[Start of Attachment]

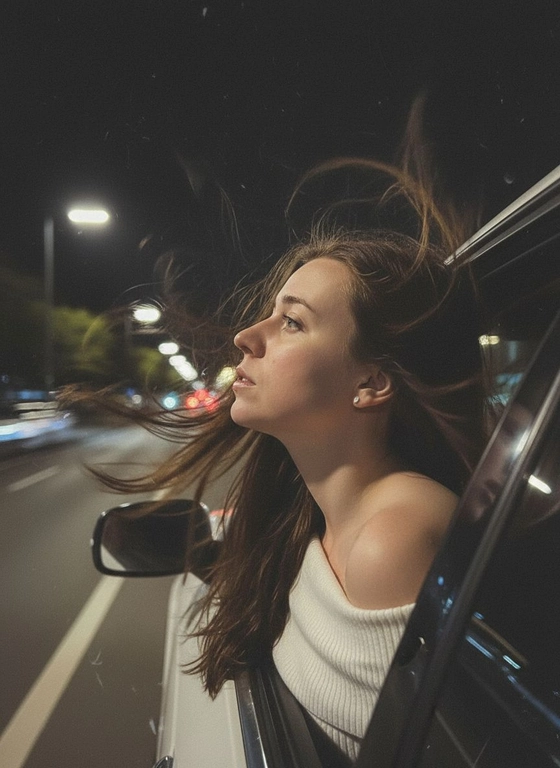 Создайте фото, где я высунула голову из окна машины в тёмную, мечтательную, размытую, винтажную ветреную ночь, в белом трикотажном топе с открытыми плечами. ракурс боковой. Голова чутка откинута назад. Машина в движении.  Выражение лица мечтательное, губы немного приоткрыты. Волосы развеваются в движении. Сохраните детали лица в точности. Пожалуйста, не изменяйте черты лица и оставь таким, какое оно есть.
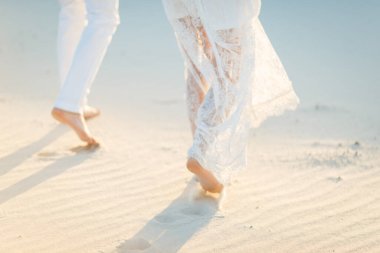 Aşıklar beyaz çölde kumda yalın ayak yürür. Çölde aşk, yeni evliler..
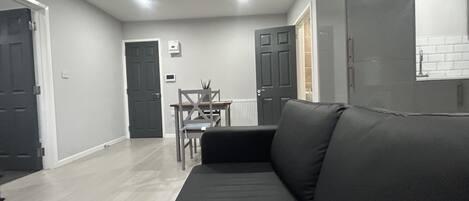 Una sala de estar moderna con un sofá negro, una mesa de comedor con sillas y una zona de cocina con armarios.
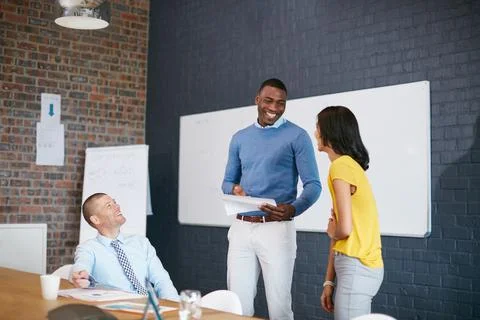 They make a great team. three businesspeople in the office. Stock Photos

[End of Attachment]
[Start of Attachment]

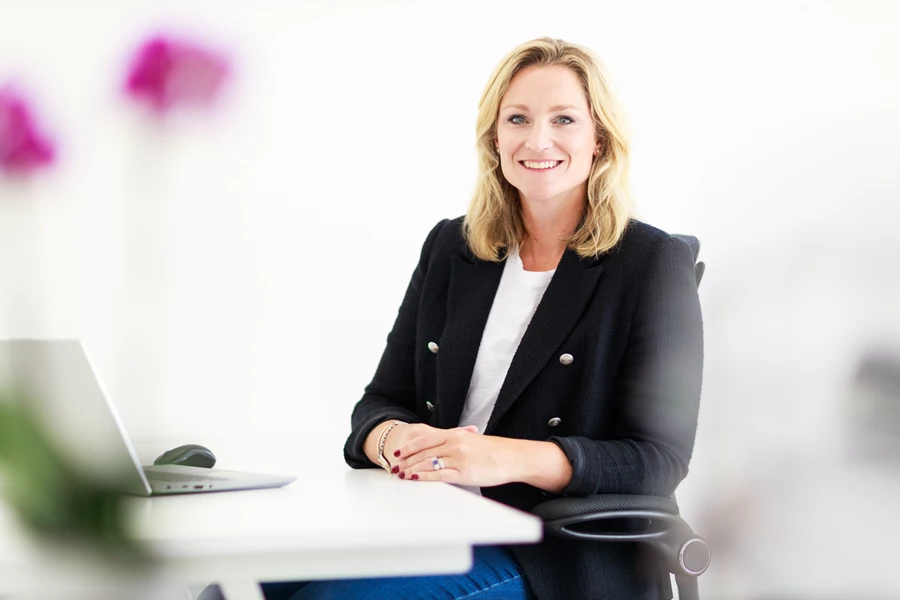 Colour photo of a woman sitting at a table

[End of Attachment]

With the pictures omitted, copy exactly the lines of the listing above starting at the line containing "Создайте фото, где" and ending at the line containing "They make a", both included.

Result below:
 Создайте фото, где я высунула голову из окна машины в тёмную, мечтательную, размытую, винтажную ветреную ночь, в белом трикотажном топе с открытыми плечами. ракурс боковой. Голова чутка откинута назад. Машина в движении.  Выражение лица мечтательное, губы немного приоткрыты. Волосы развеваются в движении. Сохраните детали лица в точности. Пожалуйста, не изменяйте черты лица и оставь таким, какое оно есть.
 Aşıklar beyaz çölde kumda yalın ayak yürür. Çölde aşk, yeni evliler..
 Una sala de estar moderna con un sofá negro, una mesa de comedor con sillas y una zona de cocina con armarios.
 They make a great team. three businesspeople in the office. Stock Photos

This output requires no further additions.